> Dataset content:

☆ ☆ ☆ ☆ ☆ ☆ ☆

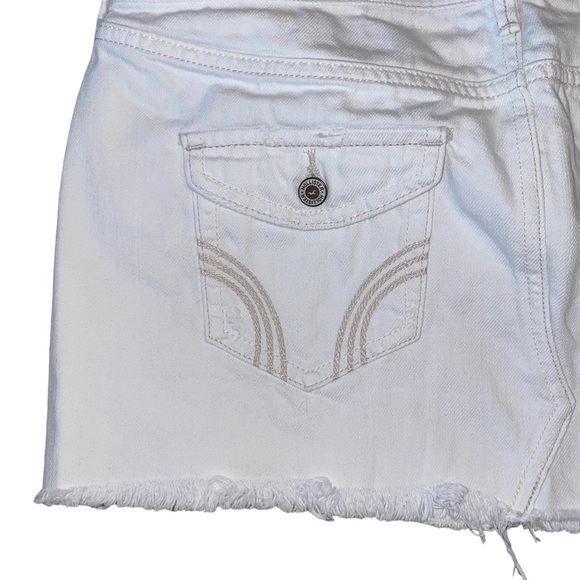 Hollister Distressed White Denim Mini Skirt - Picture 6 of 10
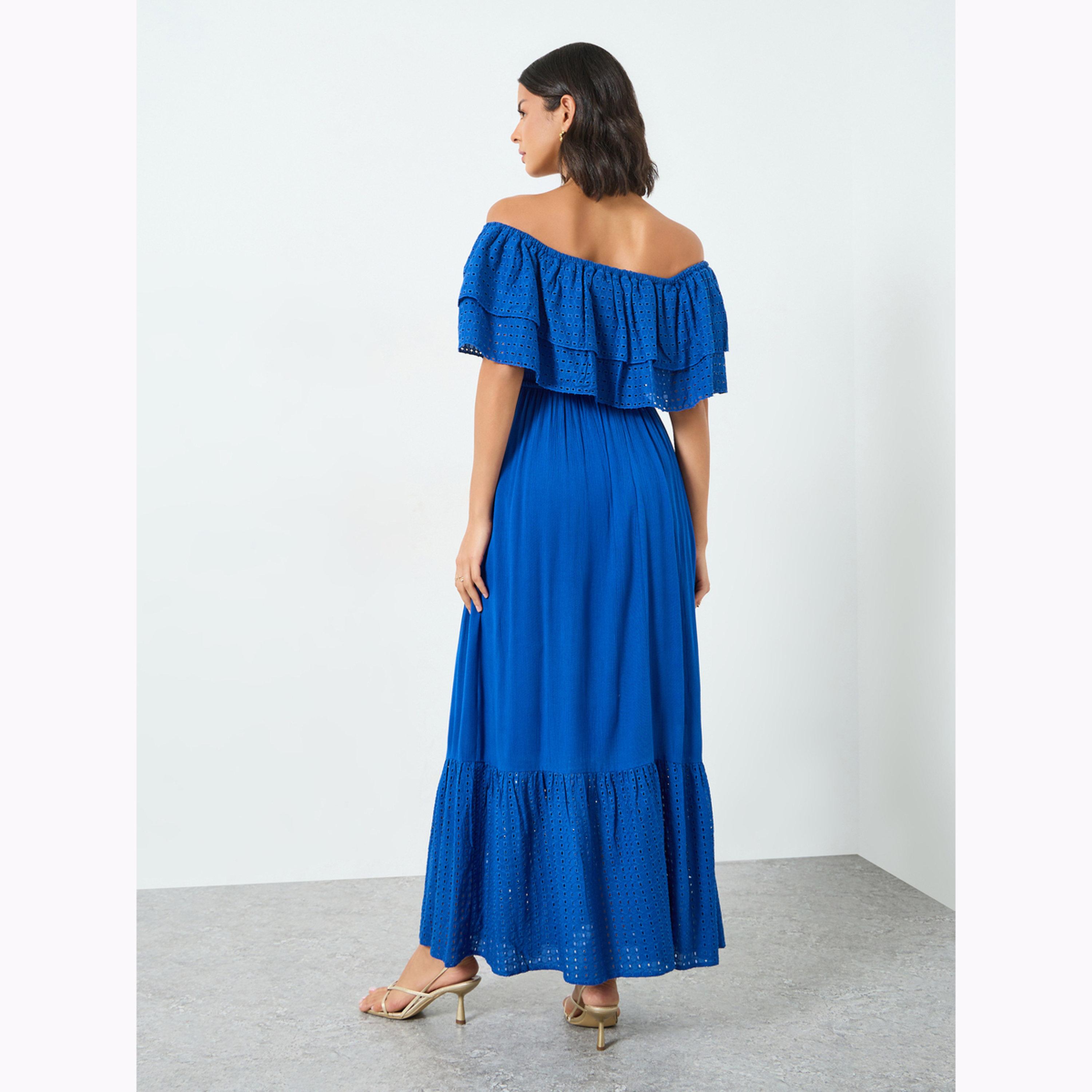 Styli Blue Cotton Schiffli Off-Shoulder Maxi Dress-women-clothing-dresses-image-4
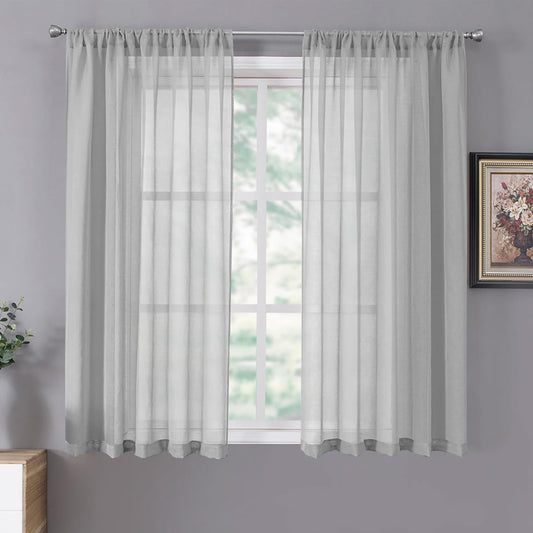 Tollpiz Short Sheer Curtain Linen Textured Living Room Curtains Sheer Light Filtering Rod Pocket Voile Curtain for Bedroom, 42 x 54 inches Long, Silver Grey, Set of 2 Panels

☆ ☆ ☆ ☆ ☆ ☆ ☆

> Work required:
Go through the data above and print exactly the lines from its first line through the line holding "Styli Blue Cotton", both included, leaving pictures aside.

> Response area:
 Hollister Distressed White Denim Mini Skirt - Picture 6 of 10
 Styli Blue Cotton Schiffli Off-Shoulder Maxi Dress-women-clothing-dresses-image-4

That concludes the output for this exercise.